У противоположного входа — отцы Павел и Михаил; в приделах за дверными завесами еще несколько монахов.
— Во Царствии Твоем помяни нас. Господи, егда приидеши во Царствии Твоем… — просят они за всех нас.
Престол, Святая Чаша, Неопалимая вечно живая Купина, слова блаженств в их изначальной византийской весомости, проступающей сквозь таинственный покров незнакомого языка… Прекрасное древнее унисонное пение проходит меня насквозь, как взгляд Христа с иконы. Это пение не сломано безбожным реформаторством, подобным насилию нашего Петра, не подвергнуто отсечению от корней, итальянизации с ее душевностью и сентиментальностью. Ни фальши, ни претенциозности, ни витиеватых прикрас, ни намеренной приподнятости — никакой лжи. Искренность и глубина молитвенного обращения к Богу, покаяние и благодарение, упование и плач — такая сокрушающая подлинность бывает только в монашеском пении…
Несколько лет назад на глухом приходе я впервые услышала в записи эти песнопения, достигшие затерянной в российских снегах деревни вслед за византийским богослужением. И сразу, с первых «Кирие, элейсон», пение вошло в душу, как стрела направленная, как молитва. Глядя сквозь заиндевевшее стекло на зажженные лампады звезд в морозной ночи, я прослушала запись до конца. Потом повторила с начала, уже с закрытыми глазами, и волны молитвы проходили сквозь сердце, и мозг, и плоть, сливая их воедино в предстоянии, сокрушении, любви. И не было утоления, хотелось длить и длить это без конца…
И вот теперь это повторялось в живой полноте богослужения — на другом краю света, в синайском храме, в приделе Неопалимой Купины. С замиранием сердца ждала я Евхаристического канона. Негромким, но внутренне торжествующим мерным гласом был прочитан Символ веры. И вот над ровным пространством чтения тихо воспарила «Милость мира…», и выше, вместе с вознесенной Чашей поднимается голос иерея:
— Твоя от Твоих Тебе приносяще о всех и за вся…
И хор отвечает единением и возношением душ:
— Тебе поем. Тебе благословим, Тебе благодарим, Господи…

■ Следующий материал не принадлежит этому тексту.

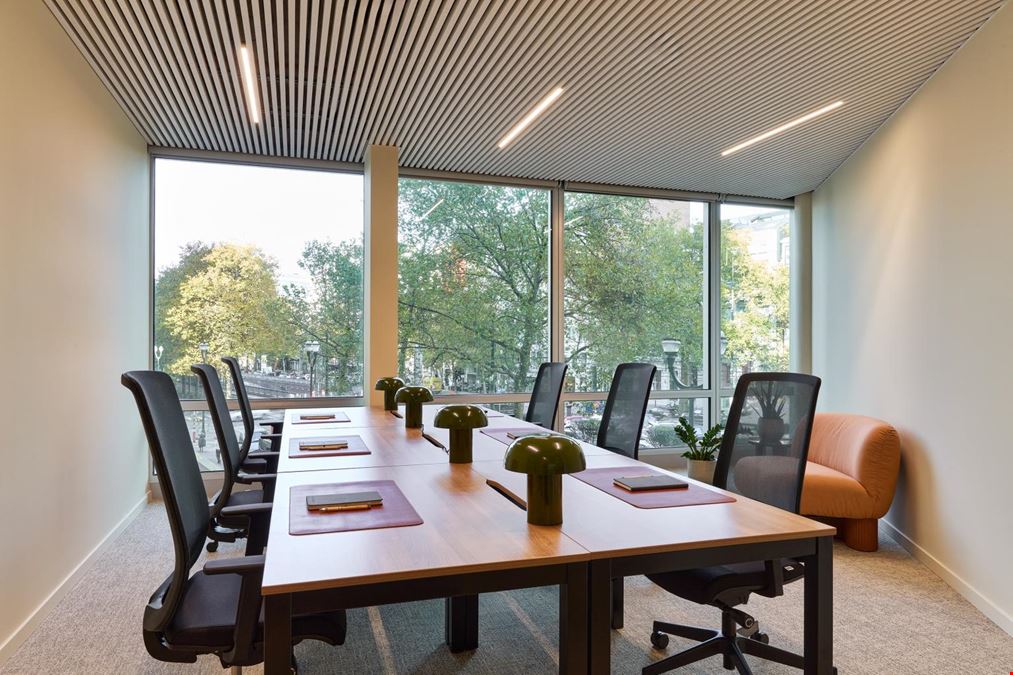 Clockwise Offices - Clockwise - Louise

В ужасающей священной открытости престола отец Адриан разламывает Святой Хлеб, делает частицей знамение креста и опускает ее в Потир, едва слышно произнеся слова: «Исполнение Духа Святаго»…
И в памяти моей повторяются слова из молитвы преподобного Симеона Нового Богослова перед причастием: «…Но сие паки вем, яко ни величество прегрешений, ни грехов множество превосходит Бога моего многое долготерпение и человеколюбие крайнее; но милостью сострастия тепле кающияся и чистиши, и светлиши, и Света твориши причастники, общники Божества Твоего соделоваяй независтно… И дерзая Твоим богатым к нам благодеянием, радуяся вкупе и трепеща, Огневи причащаюся, трава сый, и странно чудо, орошаем неопально, якоже убо Купина древле неопально горящи…»

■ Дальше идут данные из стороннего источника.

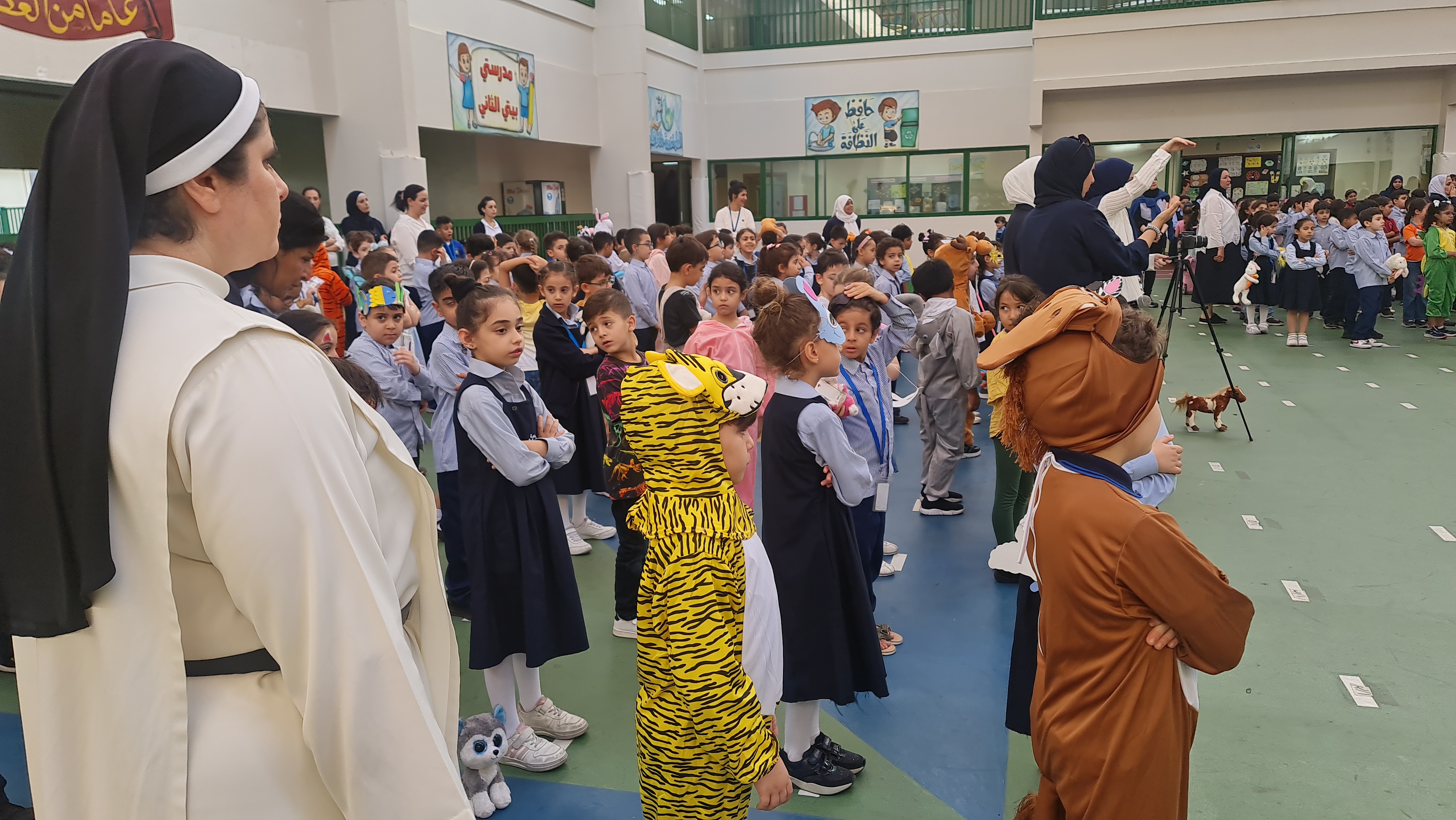 اذاعة  مدرسية ( عالم الحيوان )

Душа, душа, неопалимый куст терновника, горящий в огне божественной любви, — так вот где замыкается этот вечный круг…
Раифа
Древняя Раифа — теперь городок Эль-Тор — лежит в ста милях от монастыря Святой Екатерины под пальмами на песчаном берегу, усыпанном цветными ракушками, между величественной отдаленной панорамой Синайских гор и Суэцким заливом.
В отрогах гор заброшены пещеры отшельников, погибших здесь в ранние века. Раифский монастырь Иоанна Предтечи, выстроенный при императоре Юстиниане, с базиликой, множеством келлий, окруженных крепостной стеной и башнями, до основания сокрушен в XI веке нашествием мусульман, разрушивших и святыни Иерусалима, и засыпан желтыми песками. Арабское предание гласит, что монахи скрылись в горе Накус, и потому теперь из глубин ее слышны голоса, колокола и гулы, привлекавшие сюда наших паломников; а ученые путешественники объясняют таинственные звуки пустотами внутри горы и движением песков.